INFORMATION PROVIDED →
----------
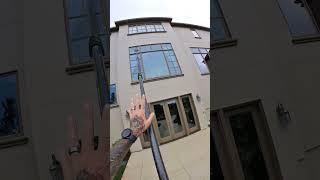 Unger 24k Carbon Fiber Water Fed Pole | 60 SECOND REVIEW. #lukethewindowcleaner #unger #waterfedpole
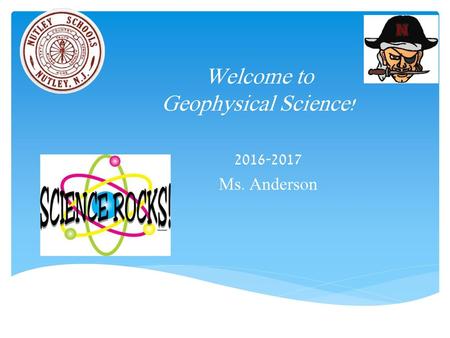 Welcome to Geophysical Science!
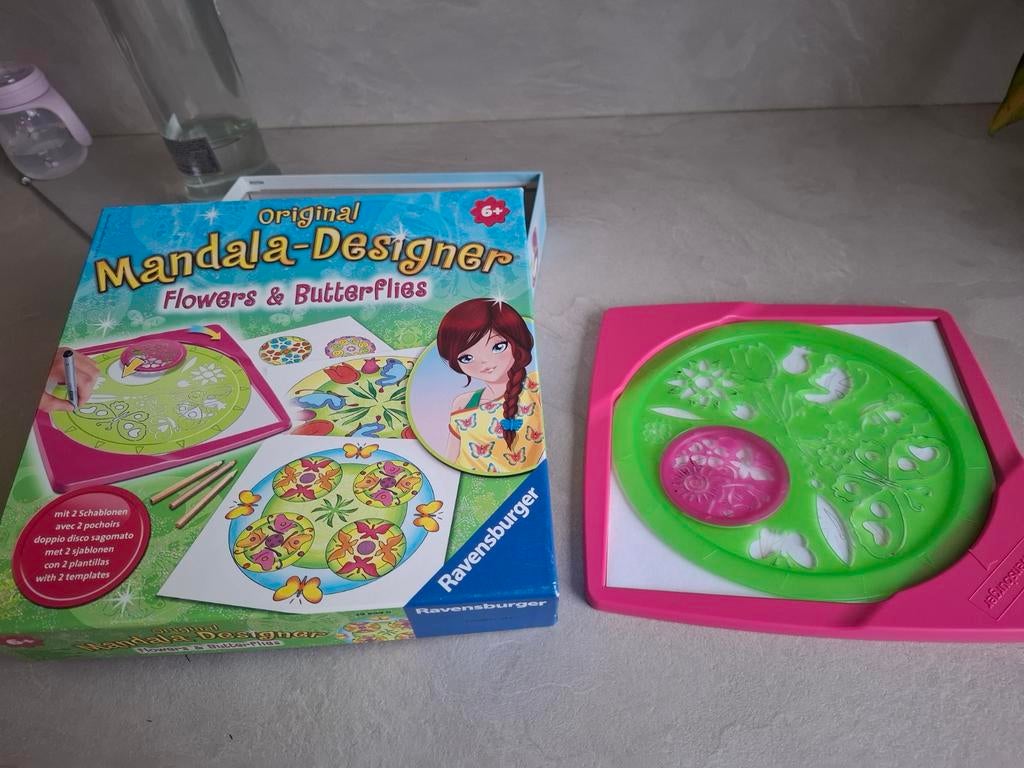 Mandala designer, Ophalen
----------
TASK DESCRIPTION →
Only the text of the listing above should be copied, exactly and with pictures left out.

REPLY TO THE TASK →
 Unger 24k Carbon Fiber Water Fed Pole | 60 SECOND REVIEW. #lukethewindowcleaner #unger #waterfedpole
 Welcome to Geophysical Science!
 Mandala designer, Ophalen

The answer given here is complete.